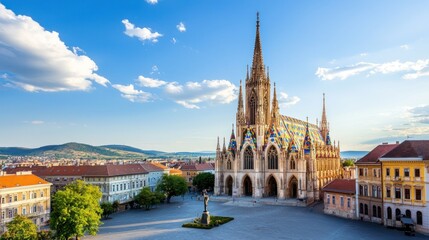 Fototapeta premium Colorful Church in European City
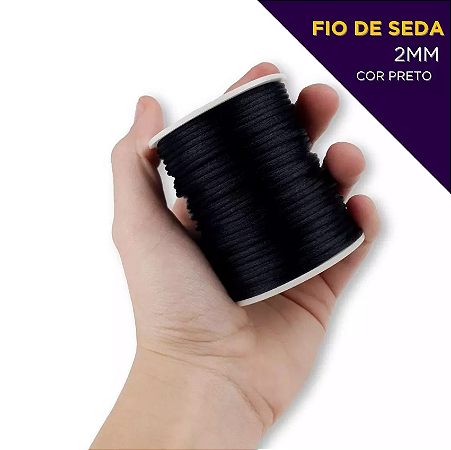 Cordão Acetinado Rabo de Rato - Fio de Seda - 2mm - Rolo C/50 Mts Cor:PRETO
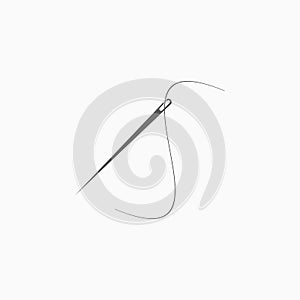 Needle and thread icon, needle, thread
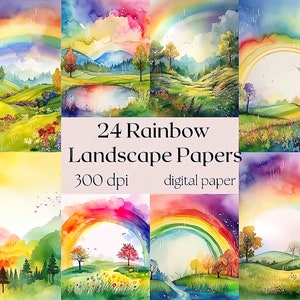 Papéis de paisagem de arco-íris aquarela, papel digital arco-íris textura aquarela scrapbooking uso comercial download digital
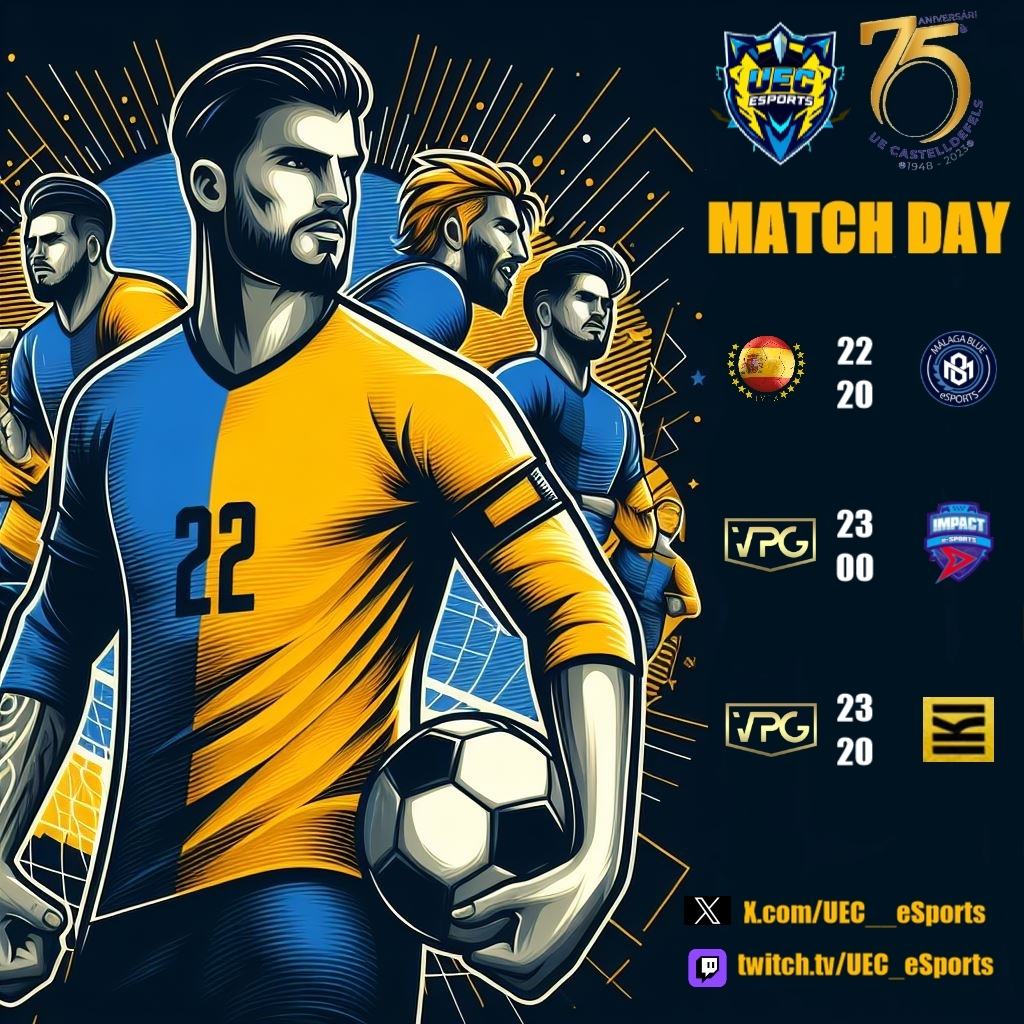 #UECeSports | 🟡🔵

📅 Dimecres 20 de novembre

<a href="/IVFA_Spain/">IVFA Spain</a> 

22:20 VS <a href="/Malaga_Blue/">Malaga Blue</a> 

<a href="/VPG_Spain/">Virtual Pro Gaming España</a>

23:00 VS <a href="/ImpactGame_PS5/">Impact Game eSports</a> 

<a href="/VPG_Spain/">Virtual Pro Gaming España</a>

23:20 VS <a href="/IKITeam/">IKI Team</a> 

#SomHiGrocs  💛💙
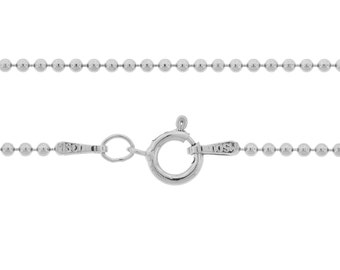 Ball Chain With Spring Ring clasp Sterling Silver 1.5mm 24 Inch  - 5pcs Neck chain (3100)/5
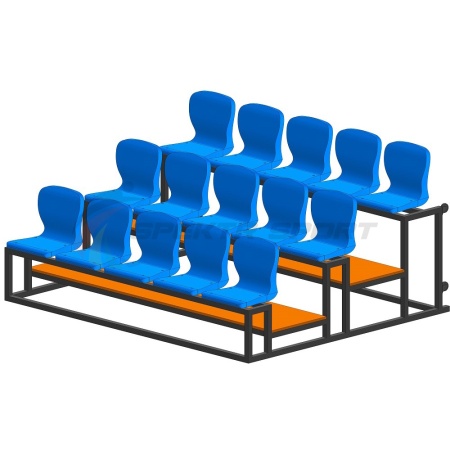 Купить Трибуна мобильная 3 ряда сиденья пластиковые на 15 мест в Верхнийуфалее 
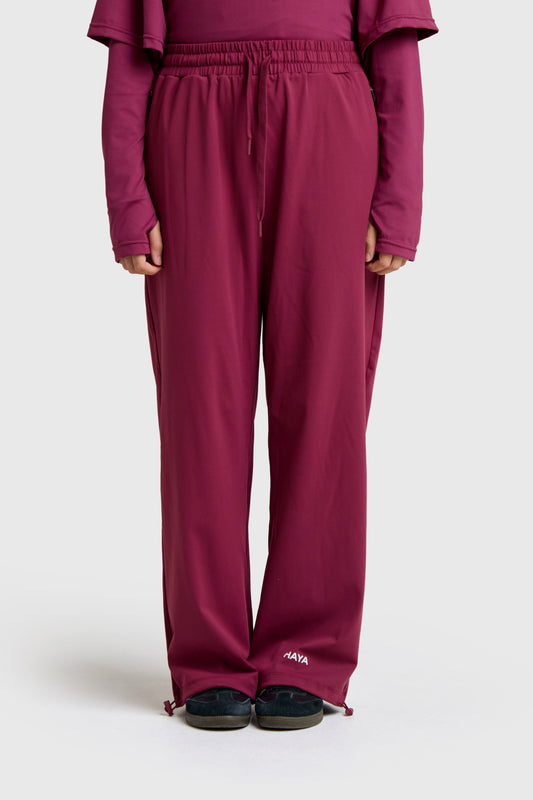 Wide Leg Pant - Burgundy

# Task goal
Give again, exactly as written, the lines from the one with "Ball Chain With" through the last line of the entries above, but skip the pictures.

# Output for this task
 Ball Chain With Spring Ring clasp Sterling Silver 1.5mm 24 Inch  - 5pcs Neck chain (3100)/5
 Купить Трибуна мобильная 3 ряда сиденья пластиковые на 15 мест в Верхнийуфалее 
 Wide Leg Pant - Burgundy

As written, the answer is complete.